Beth’s callers are lonely and feel abandoned and/or oppressed by society. There’s a sardonic veteran of the Iraqi and Afghanistan wars who is traumatized by his experience and tossed aside by his government and whose marriage is trouble. “Try telling explaining that to the missus, how much you miss sleeping in a room full of dudes and guns,” he says. There’s a young woman who is verbally gifted (Beth tells her she sounds like a poet) but who is mentally ill and not taking her meds because her comedian partner dumped her and she lost her health insurance. She’s feeling paranoid and beleaguered and is upset by pretty much everything. “I have snakes for bones,” she says, and tells Beth that she calls her own brain “Brian…because it’s scrambled.” There’s a young homeless woman who ran away from home and now lives in “a cozy two-person tent.” The scariest caller is a young man whose hatred of women is apparent even before he confirms it to Beth and starts deliberately trying to violate the parameters she’s set up.

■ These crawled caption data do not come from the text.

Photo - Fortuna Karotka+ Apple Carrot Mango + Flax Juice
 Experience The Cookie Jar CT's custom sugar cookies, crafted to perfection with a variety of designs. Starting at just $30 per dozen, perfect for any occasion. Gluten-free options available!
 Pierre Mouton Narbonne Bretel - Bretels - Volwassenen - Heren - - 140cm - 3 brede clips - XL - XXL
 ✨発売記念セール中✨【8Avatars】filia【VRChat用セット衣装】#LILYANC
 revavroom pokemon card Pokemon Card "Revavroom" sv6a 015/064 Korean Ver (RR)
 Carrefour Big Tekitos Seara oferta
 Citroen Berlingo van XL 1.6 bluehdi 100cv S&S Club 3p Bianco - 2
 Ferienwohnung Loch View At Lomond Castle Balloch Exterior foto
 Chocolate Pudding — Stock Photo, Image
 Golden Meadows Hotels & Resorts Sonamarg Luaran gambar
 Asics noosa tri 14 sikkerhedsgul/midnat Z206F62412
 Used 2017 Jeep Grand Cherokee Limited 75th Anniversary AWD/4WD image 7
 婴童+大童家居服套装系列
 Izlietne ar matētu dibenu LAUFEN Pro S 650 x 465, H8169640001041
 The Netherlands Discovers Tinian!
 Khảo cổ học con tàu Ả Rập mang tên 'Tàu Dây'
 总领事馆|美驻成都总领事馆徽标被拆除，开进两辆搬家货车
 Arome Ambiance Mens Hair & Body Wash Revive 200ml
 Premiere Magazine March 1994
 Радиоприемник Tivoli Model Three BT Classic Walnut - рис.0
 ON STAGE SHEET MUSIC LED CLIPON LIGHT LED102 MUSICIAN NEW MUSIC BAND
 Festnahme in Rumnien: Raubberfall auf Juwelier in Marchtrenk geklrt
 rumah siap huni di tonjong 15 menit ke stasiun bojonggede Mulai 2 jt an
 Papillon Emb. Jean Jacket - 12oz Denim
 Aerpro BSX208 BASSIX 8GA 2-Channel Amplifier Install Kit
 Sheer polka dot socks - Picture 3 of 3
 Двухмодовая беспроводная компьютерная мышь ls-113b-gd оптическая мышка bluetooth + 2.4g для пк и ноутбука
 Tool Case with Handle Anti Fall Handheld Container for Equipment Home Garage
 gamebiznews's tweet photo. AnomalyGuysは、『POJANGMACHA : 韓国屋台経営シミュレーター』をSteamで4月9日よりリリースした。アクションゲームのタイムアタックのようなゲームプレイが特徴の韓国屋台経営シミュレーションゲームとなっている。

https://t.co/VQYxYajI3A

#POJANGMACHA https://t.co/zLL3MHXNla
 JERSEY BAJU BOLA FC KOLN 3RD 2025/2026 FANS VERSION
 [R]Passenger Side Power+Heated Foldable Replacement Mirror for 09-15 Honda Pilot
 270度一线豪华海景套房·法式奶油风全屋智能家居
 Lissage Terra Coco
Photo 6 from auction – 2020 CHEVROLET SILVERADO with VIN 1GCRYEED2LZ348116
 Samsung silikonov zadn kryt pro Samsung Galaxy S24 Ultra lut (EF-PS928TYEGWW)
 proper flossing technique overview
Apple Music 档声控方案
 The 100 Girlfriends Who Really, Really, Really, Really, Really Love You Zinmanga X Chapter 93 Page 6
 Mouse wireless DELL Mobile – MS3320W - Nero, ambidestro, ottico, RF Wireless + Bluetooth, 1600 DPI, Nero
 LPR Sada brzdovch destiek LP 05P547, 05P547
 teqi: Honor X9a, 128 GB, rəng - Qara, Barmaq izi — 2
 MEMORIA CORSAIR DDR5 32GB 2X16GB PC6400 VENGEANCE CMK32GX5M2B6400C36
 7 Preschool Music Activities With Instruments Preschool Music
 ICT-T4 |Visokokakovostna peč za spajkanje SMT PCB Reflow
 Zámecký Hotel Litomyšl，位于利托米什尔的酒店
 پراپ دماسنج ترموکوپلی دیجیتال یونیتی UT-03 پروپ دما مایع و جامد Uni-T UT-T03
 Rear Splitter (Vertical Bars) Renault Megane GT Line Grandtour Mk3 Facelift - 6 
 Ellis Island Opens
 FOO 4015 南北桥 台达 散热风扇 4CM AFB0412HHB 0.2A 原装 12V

One of the things that’s fascinating about this film in retrospect is how little information it feels it needs to give the audience in order to create a story. It’s very close to feeling like a filmed theater piece, the kind that would run in a small venue and that doesn’t spend a lot of money on the set because it’s not the kind of play that requires it. You don’t know exactly where Beth lives or whether there are any other living beings in the place with her until the movie decides to tell you. You also don’t know exactly what sort of service Beth works for. She tells one caller that not everybody who reaches out to her is suicidal. Most people just call her to talk. She doesn’t fill out any forms or go on a computer. You don’t even see her take notes. There are a couple of cuts to her notebook revealing that she makes drawings while she talks to people. Touches like this make the movie feels as if it’s occurring in a fictional space that is more figurative than realistic.